For Moshe Rabbeinu to leave with a whimper would seem inconceivable. Moshe Rabbeinu, the giver of the Torah and perpetuator and transmitter of God's will in this world, needed to not be coerced into death, but needed to be taken through his own accord. 

The contrast is stark: whereas we were commanded to receive the Torah, and if not, face imminent death being crushed by the oppressive force of Har Sinai were we to not receive it, Moshe's passing was ostensibly a matter of choice. He could choose to die, or not; it had to be willful. 

The Midrash, very poignant in its own right, speaks about Moshe Rabbeinu needing God's promise that his children would be taken care of, that there be a duality in Moshe Rabbeinu's continued ability to praise God and the heavens attesting to the Jewish people being His chosen people; only with that promise was Moshe willing to depart. 

It would seem that this contradistinction connotes that whereas the receipt of the Torah was not a matter of choice - the same way life without sun is impossible so too, ethically and morally, a life without the Torah's teachings is unviable - that notwithstanding, how we as individuals choose to live our lives independently and write our own Torah, shaping the world with kindness, giving and ethical behavior is a choice only we can make for ourselves. 

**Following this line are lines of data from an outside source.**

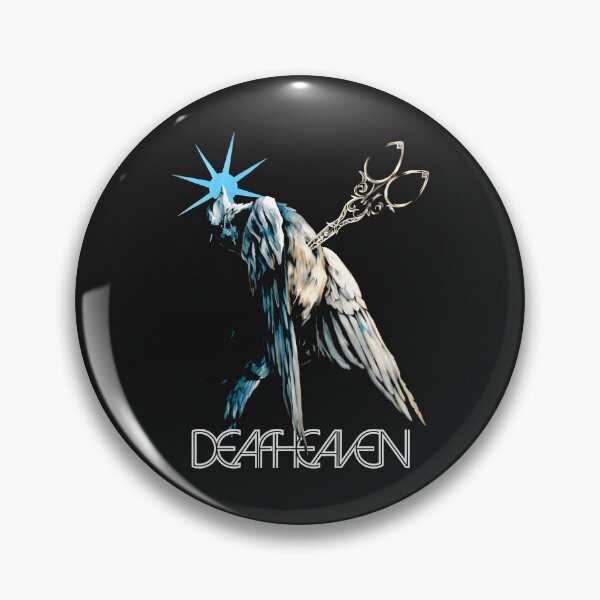 Item preview, White Bird Black Metal designed and sold by billiasbros.
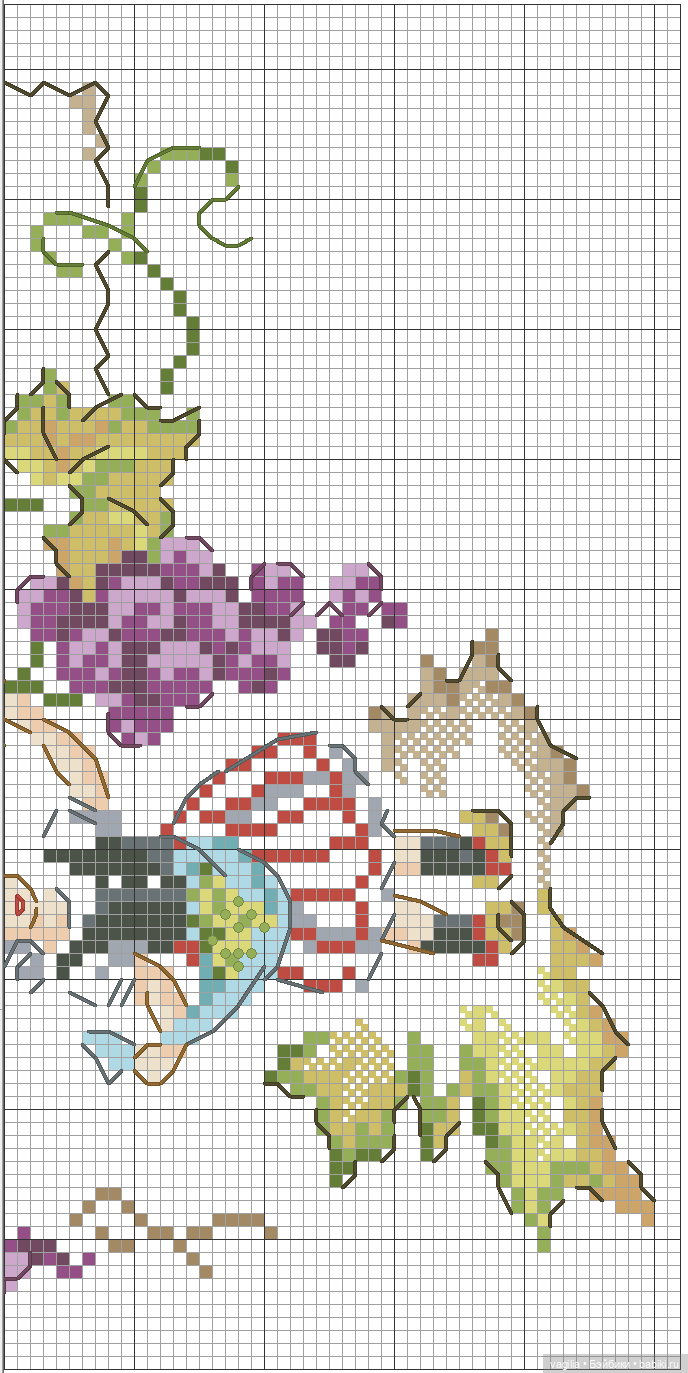 Мелкая вышивка детям 2 топик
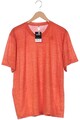 adidas T-Shirt Herren Oberteil Shirt Sportshirt Gr. XXL Orange #mmjnfil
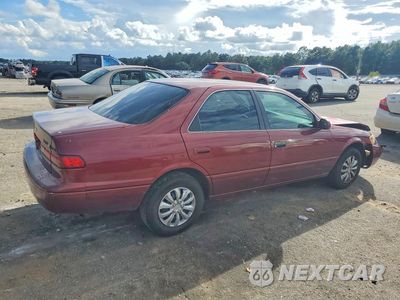 Trzecie zdjęcie samochodu z tyłu: 1999 TOYOTA CAMRY LE VIN:4T1BG22K9XU599655 - miniatura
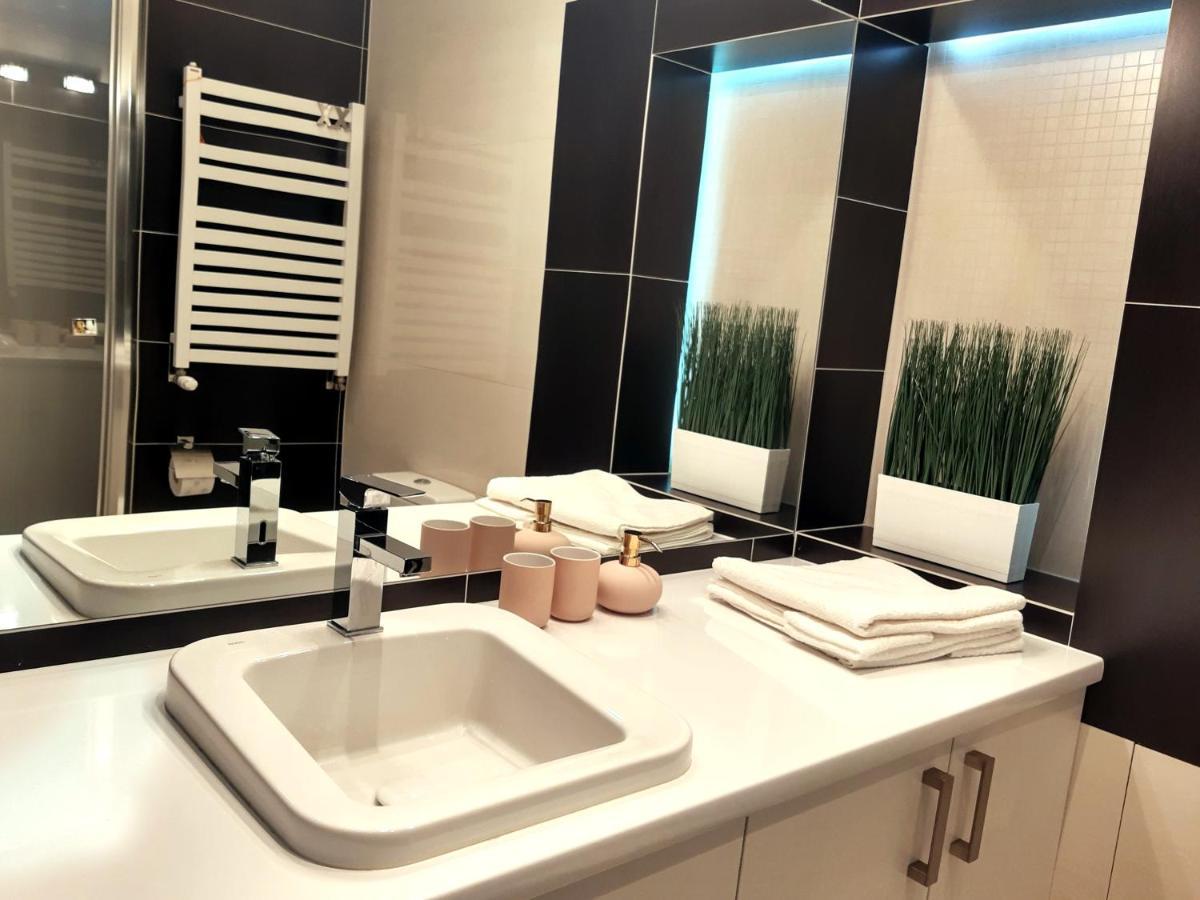 Emerald Apartament Białystok Exteriér fotografie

A life of Torah is by its very nature an examined life, one lived to the fullest, and cannot be taken lightly, and all the more so, that of Moshe Rabbeinu whose Torah is God's Torah, and as such, a command ending life needed to be one that perpetuated it as well by ensuring that Hashem's Torah would be eternal, preserved by the witnesses of heaven and earth, but more importantly, Hashem's firstborn son, and treasure, the Jewish people.